# Work instructions
Exact reproduction, images excluded: write out the records below.

# Given records
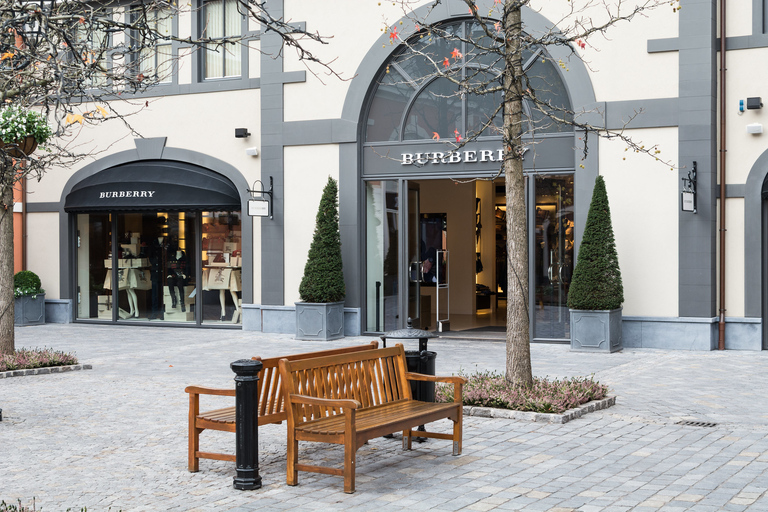 Amsterdam: Private Shopping Tour to Designer Outlet Roermond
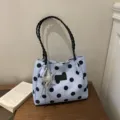 Bolso de hombro azul con lunares, asa trenzada y bonito colgante de estrella para mujer. - Estilo Con Colgante / Azul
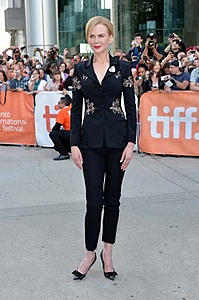 Нажмите на изображение для увеличения. 

Название:	nicole-kidman-090613-_1.jpg 
Просмотров:	839 
Размер:	54.2 Кб 
ID:	4948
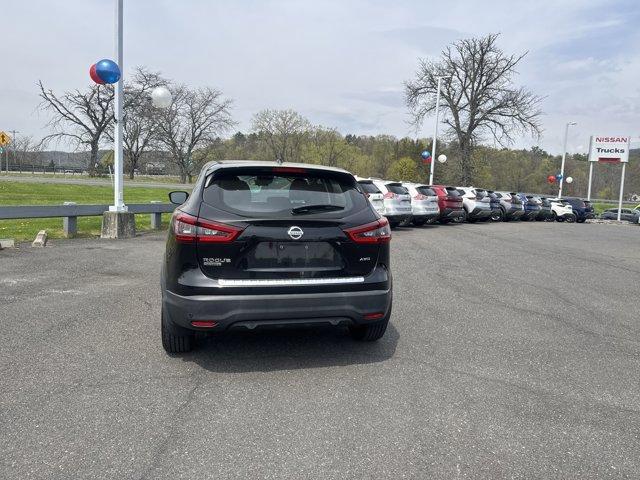 used 2020 Nissan Rogue Sport car, priced at $15,989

# Completed exercise
 Amsterdam: Private Shopping Tour to Designer Outlet Roermond
 Bolso de hombro azul con lunares, asa trenzada y bonito colgante de estrella para mujer. - Estilo Con Colgante / Azul
 Нажмите на изображение для увеличения. 

Название:	nicole-kidman-090613-_1.jpg 
Просмотров:	839 
Размер:	54.2 Кб 
ID:	4948
 used 2020 Nissan Rogue Sport car, priced at $15,989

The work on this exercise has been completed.